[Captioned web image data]

·····

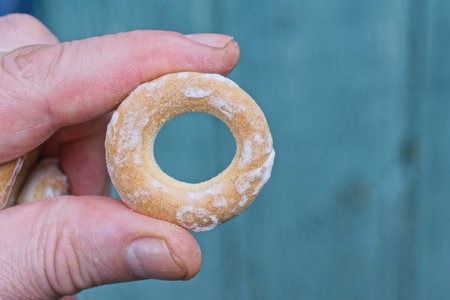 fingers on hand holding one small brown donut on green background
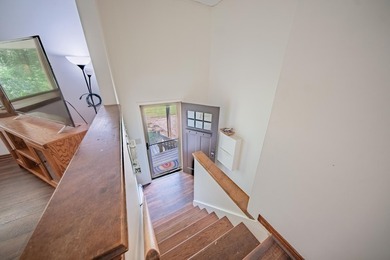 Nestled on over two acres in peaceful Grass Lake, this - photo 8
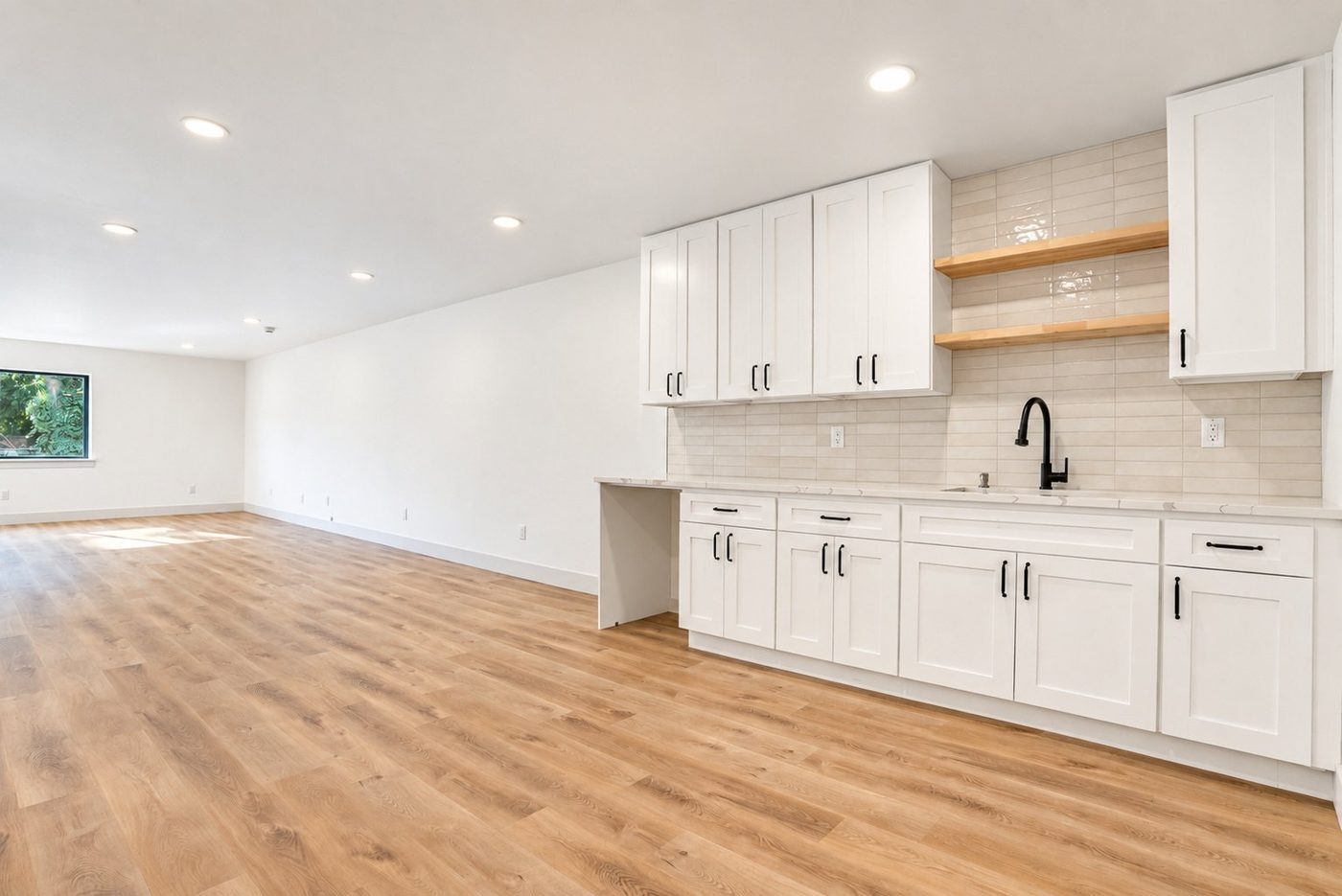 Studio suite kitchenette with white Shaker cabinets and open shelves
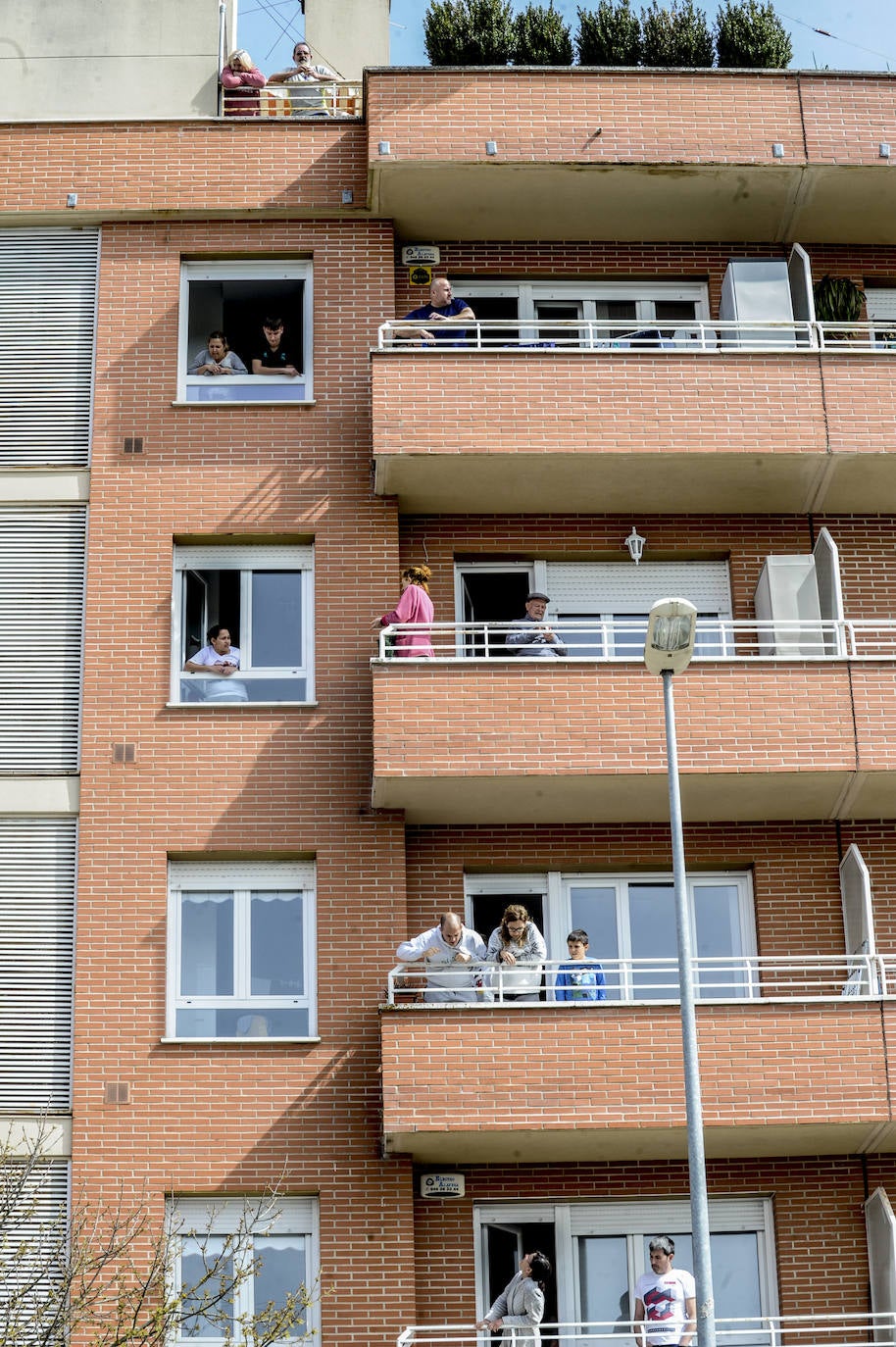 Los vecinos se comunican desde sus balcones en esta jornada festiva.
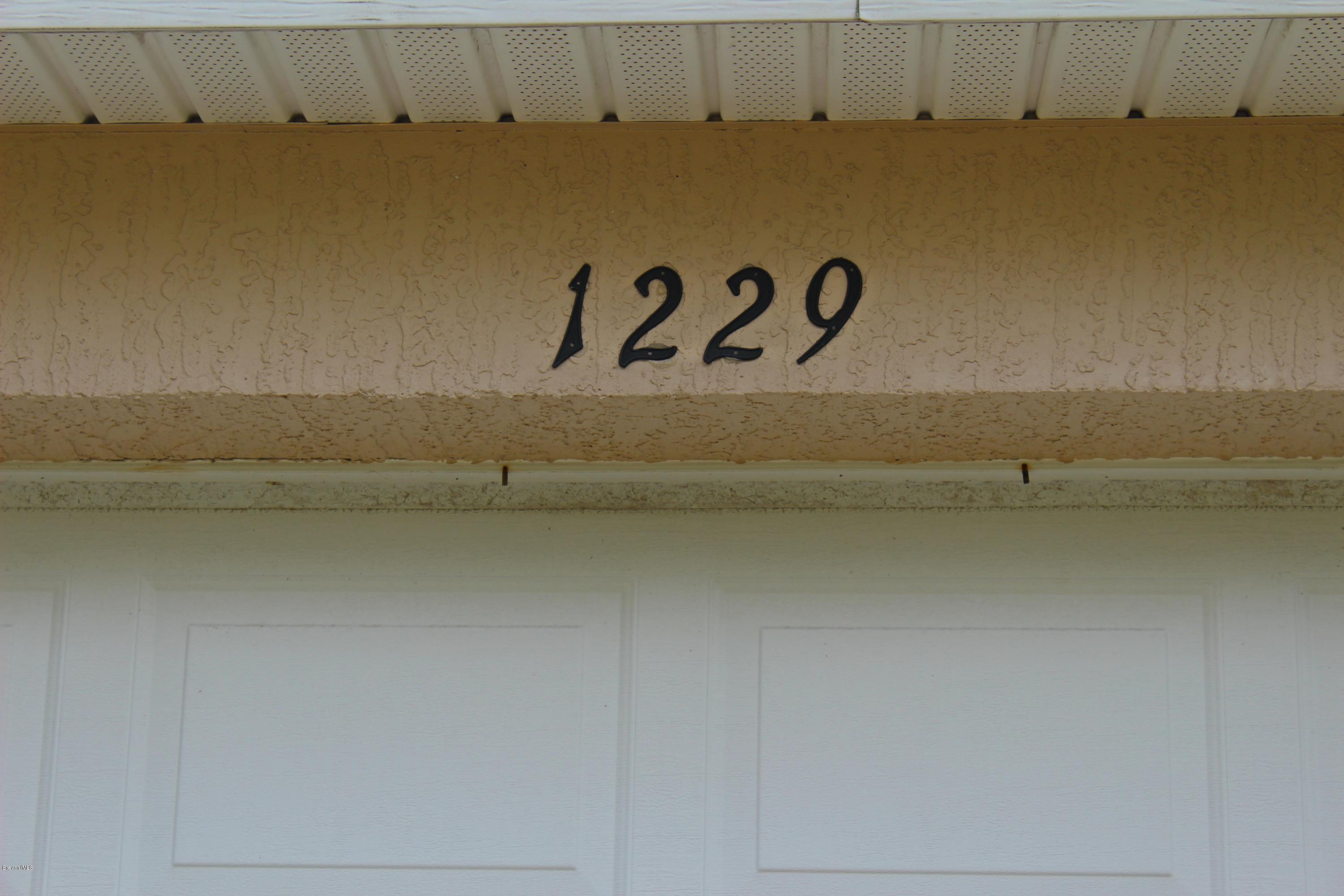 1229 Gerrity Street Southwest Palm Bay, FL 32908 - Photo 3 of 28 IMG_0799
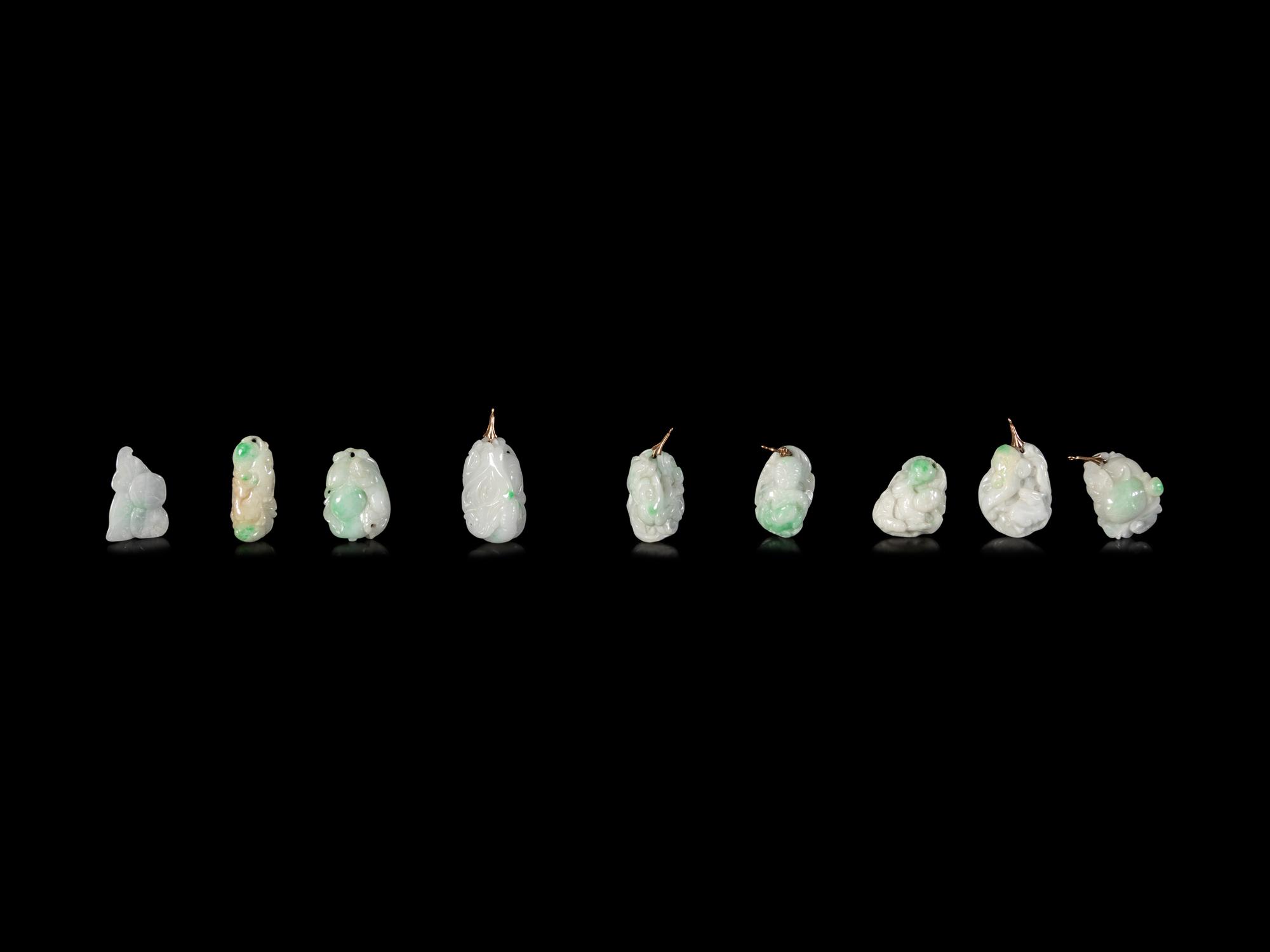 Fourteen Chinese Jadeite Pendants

·····

ACTIVITY
The line containing "1229 Gerrity Street" and every line after it, through the end of the data, are to be output exactly. Omit the pictures.

OUTPUT BELOW
 1229 Gerrity Street Southwest Palm Bay, FL 32908 - Photo 3 of 28 IMG_0799
 Fourteen Chinese Jadeite Pendants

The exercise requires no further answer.